In more detail, this argument can be laid out as follows.Footnote 8

The first premiss takes off from the fact that the agent’s own reasoning system and her mindreading processor need to solve what are essentially identical problems—namely, deriving appropriate decisions and inferences (either actual ones or merely predicted ones) from a given set of beliefs and desires (either the agent’s own or those attributed to the target). Because of this, it seems highly plausible that the agent’s own decision and inference making system can also play the role of the mindreading processor: the capabilities needed to fulfil the functions of either system are largely isomorphic. For this reason, premiss 1 of the argument from simplicity should be seen to be quite uncontroversial.

The second premiss is an expression of the (equally uncontroversial) fact that it is costly for an organism to assemble and maintain extra cognitive systems. There are three main reasons for this. Firstly, building and maintaining an extra cognitive system requires building and maintaining a novel store of knowledge; in turn, this increases the organism’s memory demands and slows down computations. Secondly, an extra cognitive system requires extra energy to be usable. Thirdly, to be functional, any extra system needs to be integrated into the rest of the cognitive architecture, thus requiring (potentially very costly) alterations to some of the latter’s existing elements (see also Carruthers 2006, p. 74).

From these premises, it follows straightforwardly that natural selection will avoid the duplication of the agent’s own reasoning systems for mindreading purposes, unless the costs of this duplication are outweighed by further adaptive benefits. Since the agent’s own reasoning systems can be used for mindreading processing (by premiss 1), and since natural selection opts for more efficient design solutions over less efficient ones (by premiss 2), there is reason to think that natural selection will favour an information-poor mindreading system, ceteris paribus.

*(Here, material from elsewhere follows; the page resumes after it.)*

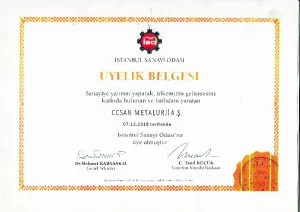 ccsan sanayi odası sertifikası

It is with this conclusion, however, where the argument runs into difficulties: the ceteris paribus qualification inherent in it makes it necessary to ensure that things are, in fact, the same. This is especially important here, as there is an antecedent reason to think that things may not be the same: namely, there are many cases where the duplication of existing cognitive systems yields benefits (see also Nichols and Stich 2003, p. 105). If these benefits are great enough to outweigh the costs of the duplication, natural selection should therefore favour duplication, not disfavour it. In turn, this means that, in order for the argument from simplicity to be plausible, it becomes necessary to make sure that the duplication of the agent’s own reasoning systems does not, in fact, lead to these kinds of benefits.

These benefits fall into two main categories: on the one hand, duplication is useful where it allows for parallel processing, as that makes for much added computational speed (see e.g. Carruthers 2006, p. 24–25). On the other, duplication is useful where it allows for the construction of back-up systems for important abilities, as this insures the organism against catastrophic drops in fitness (see e.g. Sober and Wilson 1998, p. 320; Stich 2007; Schulz forthcoming). Consider these two potential benefits in turn.

3.1 Parallel processing

The first potential benefit of an information-rich design for the mindreading system is that it would allow for the simultaneous processing of mindreading problems and the agent’s own decision and inference problems. In situations where time is pressing (and it seems reasonable to think that these situations are quite widespread in the natural world), such parallel processing may be highly adaptive: it would allow an organism to simultaneously decide what to do in a certain situation and to predict how others are going to react to her decision.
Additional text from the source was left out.